Shock awoke my Inner Giver. You might not have needed such drama. Your first conscious memories might be tinged with a desire to vanish the darkness that enveloped your parents or siblings or starving children on TV. Whatever the path to expression, unless you’re an extreme sociopath, you have an Inner Giver.
You might think your Inner Giver, being such a serious character, will dampen your wellbeing. Exactly the opposite, however, is true.
Free your Inner Giver
Dozens of studies demonstrate that an active Inner Giver or, if you prefer dry academic language, “prosocial behavior,” boosts happiness and health. Your Inner Giver lowers depression, anxiety, inflammation, cholesterol, high blood pressure and pain; and improves marriage and friendships. It’s so salutary that Dr. Stephen Post from Stony Brook University suggests that doctors universally prescribe two hours of Inner Giver activity a week.

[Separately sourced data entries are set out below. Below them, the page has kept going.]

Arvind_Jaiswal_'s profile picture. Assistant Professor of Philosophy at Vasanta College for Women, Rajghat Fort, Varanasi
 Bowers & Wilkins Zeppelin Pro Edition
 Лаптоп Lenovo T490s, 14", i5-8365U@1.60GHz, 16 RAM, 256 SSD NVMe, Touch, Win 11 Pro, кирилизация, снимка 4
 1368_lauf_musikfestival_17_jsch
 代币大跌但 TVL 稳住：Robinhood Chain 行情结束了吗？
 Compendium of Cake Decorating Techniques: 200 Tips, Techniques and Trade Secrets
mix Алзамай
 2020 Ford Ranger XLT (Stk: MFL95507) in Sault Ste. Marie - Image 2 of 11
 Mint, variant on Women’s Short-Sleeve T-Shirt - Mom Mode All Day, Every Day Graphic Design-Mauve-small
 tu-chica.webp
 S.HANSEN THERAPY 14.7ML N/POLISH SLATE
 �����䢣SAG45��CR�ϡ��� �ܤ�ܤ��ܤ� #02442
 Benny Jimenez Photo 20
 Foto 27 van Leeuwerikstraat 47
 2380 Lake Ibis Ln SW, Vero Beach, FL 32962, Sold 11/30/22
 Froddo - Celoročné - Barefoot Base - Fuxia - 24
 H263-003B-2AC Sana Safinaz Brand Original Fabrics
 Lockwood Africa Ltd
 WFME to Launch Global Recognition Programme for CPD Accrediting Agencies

Unfortunately, the modern lifestyle has stripped us of the interdependence that, historically, made it easy to fill Post’s prescription. Ten thousand years ago, we needed each other to rear children, build shelter, secure a meal or do just about anything. Our Inner Givers were everyday protagonists. Today, we parent without the help of extended family. We lock ourselves inside structures that strangers built, not our neighbors. We sit alone eating food that was industrially produced, not collaboratively gathered and communally prepared. We’ve all but banished our Inner Giver.
Sebastian Junger, in his book Tribe, summarized it perfectly. “Humans don’t mind hardship, in fact they thrive on it; what they mind is not feeling necessary. Modern society has perfected the art of making people not feel necessary.”
I’m not suggesting you fix your neighbor’s leaky pipe, especially if you don’t have a plumbing license. It’s important, however, to realize that your wellbeing depends on an active Inner Giver.
If you want happiness and health, free your Inner Giver.
PS: For six simple ways to unleash your Inner Giver at work through a practice called job purposing, see prior post.
Bea Boccalandro is founder and president of VeraWorks, a global consulting firm that advises executives and helps brands make a positive social impact, including Aetna, Bank of America, Disney, FedEx, Hewlett Packard Enterprise, IBM, Levi’s and PwC. Bea focuses on “job purposing,” the management practice of heightening employee engagement, performance and wellbeing by igniting their everyday jobs with social purpose. To learn more about job purposing, download Bea’s free Job Purposing Essentials paper, or follow Bea on Twitter.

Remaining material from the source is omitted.